Nada la sorprendía. Sus interlocutores se dejaron arrastrar por sus lágrimas. Y sí, cómo resistirse a la damisela en apuros con lágrimas sobre las mejillas (rojas) y el brillo en los ojos. El problema permanecía: las lágrimas eran culpa de sus ojos, no de la tristeza ni de la agonía ni de la mosca que, inocentemente, murió en su sopa minestrone. La culpa era de la genética y de las glándulas.
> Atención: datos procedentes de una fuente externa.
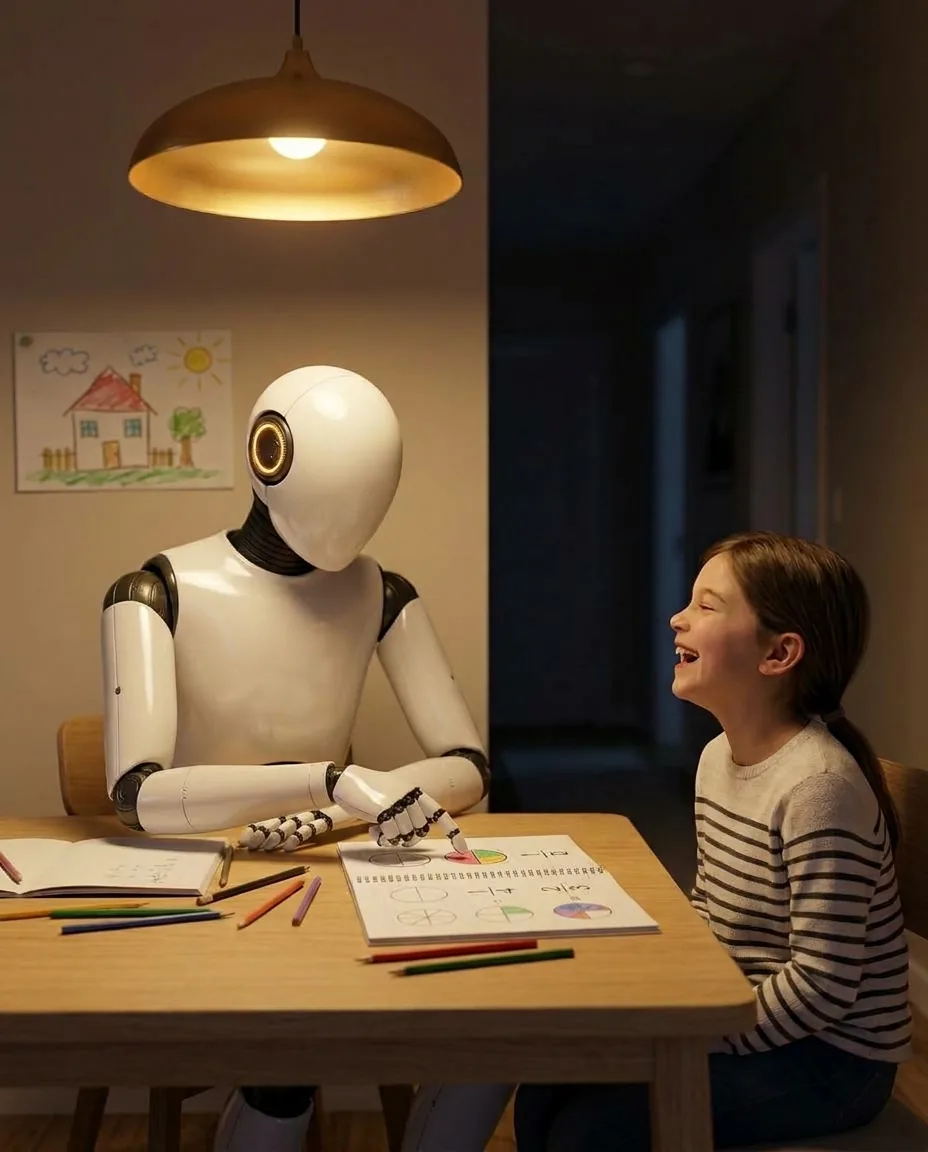A humanoid robot helps a girl with her homework at the dining table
La damisela no estaba en apuros; no necesitaba de la mano viril, del músculo incendiario que secaba sus lágrimas, ni del pétalo de la rosa blanca. Minerva sólo dejaba caer las lágrimas, porque eran insignificantes. Tanto como el gesto del caballero que secaba sus lágrimas. Apariencias y apariencias, instinto genético de salvar al eslabón débil de la especie. Y cómo resistirse a los ojos lacrimeantes de Minerva.
Y cuánta esperanza cayó sobre sus ojos cuando conoció a Virgilio, ciego de nacimiento. Cuántas tardes pasó genuinamente confundida. Alguien que no podía ver sus lágrimas genéticas y la trataba como a cualquier otra; como si sus ojos no representaran la tristeza acumulada de mil generaciones de los egipcios y las pirámides; y los miles de años de los vivos y los muertos (porque sus ojos no representaban tal cosa; eran unos ojos húmedos y nada más). Y cómo lloró verdaderamente (sin lágrimas: la ironía es necesaria) cuando supo que Virgilio, el único que la veía como una más, no estaba solo. Cuánta desesperanza cupo en sus mejillas cuando supo que Virgilio pasaba las tardes tomado del brazo de una Margarita cualquiera; que la Margarita cualquiera dormía en la misma cama que él. Y cuánta sorpresa cupo en sus lacrimales cuando su llanto era seco. Y cuánta fue su dicha cuando descendió vertiginosamente los diez pisos desde su departamento hasta la calle.